Dès les Klavierstücke D.946, l’impression est celle d’un Schubert héroïque, dramatique. Le Schubert de Michel Dalberto déconcerte, et souvent nous prend de court, car les climats sont sombres, violents, tourmentés, à l’opposé d’un Schubert plus intimiste et plus feutré. La tendance à l’extériorisation se confirme dans la Sonate D.959 : les plans sonores sont contrastés, architecturés, la charpente est vigoureuse. La ligne mélodique est sûre, articulée avec netteté, mais le tout est présenté sur un mode qui nous semble hyper-dramatisé, et qu’un rien pourrait faire virer au flamboyant – à tel point que par moment on croit assister à 100% Dalberto, plutôt qu’à 100% Schubert.
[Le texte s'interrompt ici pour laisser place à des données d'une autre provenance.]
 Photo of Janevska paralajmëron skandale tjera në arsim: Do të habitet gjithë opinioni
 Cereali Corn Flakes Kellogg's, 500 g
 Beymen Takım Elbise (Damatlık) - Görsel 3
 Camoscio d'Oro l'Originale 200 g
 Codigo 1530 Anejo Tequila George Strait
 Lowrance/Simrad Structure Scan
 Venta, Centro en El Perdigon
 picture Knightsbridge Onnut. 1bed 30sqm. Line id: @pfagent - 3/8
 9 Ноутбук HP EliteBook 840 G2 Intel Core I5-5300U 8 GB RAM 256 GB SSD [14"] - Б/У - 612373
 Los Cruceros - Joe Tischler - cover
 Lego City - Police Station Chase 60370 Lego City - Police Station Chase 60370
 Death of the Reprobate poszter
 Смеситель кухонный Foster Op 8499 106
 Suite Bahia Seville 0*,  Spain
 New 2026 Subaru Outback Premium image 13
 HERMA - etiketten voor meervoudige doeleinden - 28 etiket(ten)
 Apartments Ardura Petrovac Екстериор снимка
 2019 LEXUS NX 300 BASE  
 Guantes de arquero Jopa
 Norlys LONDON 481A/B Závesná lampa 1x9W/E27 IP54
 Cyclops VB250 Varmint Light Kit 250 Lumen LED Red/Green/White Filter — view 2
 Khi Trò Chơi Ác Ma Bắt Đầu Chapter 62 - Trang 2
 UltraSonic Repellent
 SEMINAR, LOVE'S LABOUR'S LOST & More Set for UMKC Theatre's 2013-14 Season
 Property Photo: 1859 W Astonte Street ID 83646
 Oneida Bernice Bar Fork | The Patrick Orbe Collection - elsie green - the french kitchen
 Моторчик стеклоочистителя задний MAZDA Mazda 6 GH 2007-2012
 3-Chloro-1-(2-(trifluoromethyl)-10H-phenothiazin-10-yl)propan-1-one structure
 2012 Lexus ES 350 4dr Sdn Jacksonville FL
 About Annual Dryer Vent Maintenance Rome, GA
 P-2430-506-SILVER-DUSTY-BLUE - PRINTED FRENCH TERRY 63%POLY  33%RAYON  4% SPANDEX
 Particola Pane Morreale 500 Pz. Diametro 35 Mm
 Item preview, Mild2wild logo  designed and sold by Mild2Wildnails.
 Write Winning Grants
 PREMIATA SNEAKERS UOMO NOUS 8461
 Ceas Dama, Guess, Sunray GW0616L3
A mi-parcours du récital, une évidence semble s’imposer : malgré l’intensité du propos et la densité intellectuelle, Dalberto ne sera pas, ce soir, l’ami complice qui nous fera explorer les sentiers schubertiens, ceux du coeur et de l’âme. Son approche, plus structurée et rigoureuse que chaleureuse, nous prive d’une part de charge affective, d’évasion et de rêve. Certes, Dalberto a le don de captiver l’auditeur, le beau succès couronnant sa prestation en est la preuve éclatante, mais dans la Sonate D.960, ultime étape du voyage schubertien, oeuvre où à chaque instant la beauté crépusculaire confine au sublime, on a attendu, souvent en vain, que se produise le miracle de l’empathie. L’on aurait aimé que Michel Dalberto nous fasse arpenter, avec davantage d’innocence et de tendresse, les paysages intérieurs de Schubert, qu’avec une plus grande économie de moyens peut-être, il nous fasse partager plus intensément le dernier rêve pianistique de Schubert.

Bruxelles. Flagey. 100% Schubert, le 8 février 2007. Franz Schubert (1797-1828):  Klavierstücke D.946, Sonate n°20 en la majeur D.959, Sonate n°21 en si bémol majeur D. 960. Michel Dalberto, piano.